Teils bärenstark. Die Briten mit Doppel-Europameister Adam Peaty vorweg verzückten das Heimpublikum, Ungarn und Italiener nutzten diese EM teils als ihre Olympia-Qualifikation. Das Grundniveau der erfolgreichsten Schwimmerinnen Katinka Hosszu und Sarah Sjöström oder auch von Ungarns Urgestein Laszlo Cseh ist so hoch, dass sie Klasse-Zeiten auch aus dem Training heraus bieten. Das gelingt den meisten Deutschen nicht.

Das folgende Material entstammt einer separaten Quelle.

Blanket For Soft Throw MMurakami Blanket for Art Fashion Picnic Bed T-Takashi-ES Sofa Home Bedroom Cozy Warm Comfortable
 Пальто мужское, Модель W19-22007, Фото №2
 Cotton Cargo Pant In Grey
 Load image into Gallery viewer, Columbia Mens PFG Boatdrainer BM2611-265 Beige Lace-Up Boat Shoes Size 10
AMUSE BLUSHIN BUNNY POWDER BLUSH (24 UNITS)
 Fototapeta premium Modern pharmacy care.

Was gibt es Neues zum Dauerthema Doping?
Noch ist unklar, ob unter den 31 positiven Nachtests der Olympischen Spiele 2008 auch Schwimmer sind. Die Nachtests von London 2012 stehen noch aus. Die Suspendierung von Weltmeisterin Julija Jefimowa wegen Meldonium-Missbrauchs wurde aufgehoben, der Sportgerichtshof CAS wird wohl ein Grundsatzurteil über den Umgang mit der sei Jahresbeginn verbotenen Substanz fällen müssen. Der Weltverband FINA betonte, dass der Dopingfall Jefimowas mit der aufgehobenen Suspendierung nicht abgeschlossen sei.
Was passiert bis Olympia?
Bis auf Weltmeister Koch und Weltrekordler Paul Biedermann müssen die deutschen Schwimmer für ihr Rio-Ticket ihre Zeiten der deutschen Meisterschaften bei einem Überprüfungswettkampf bestätigen: Entweder bei der international stark besetzten Mare-Nostrum-Tour Anfang Juni oder den German Open in Berlin Anfang Juli. Davor und danach liegen Trainingslager, teils auf Meeresniveau, teils in der Höhe. Im gemeinsamen Training im brasilianischen Florianopolis ab Mitte Juli sollen sich die Athleten an das Klima und die späten Wettkampfzeiten mit Finals bis Mitternacht Ortszeit gewöhnen.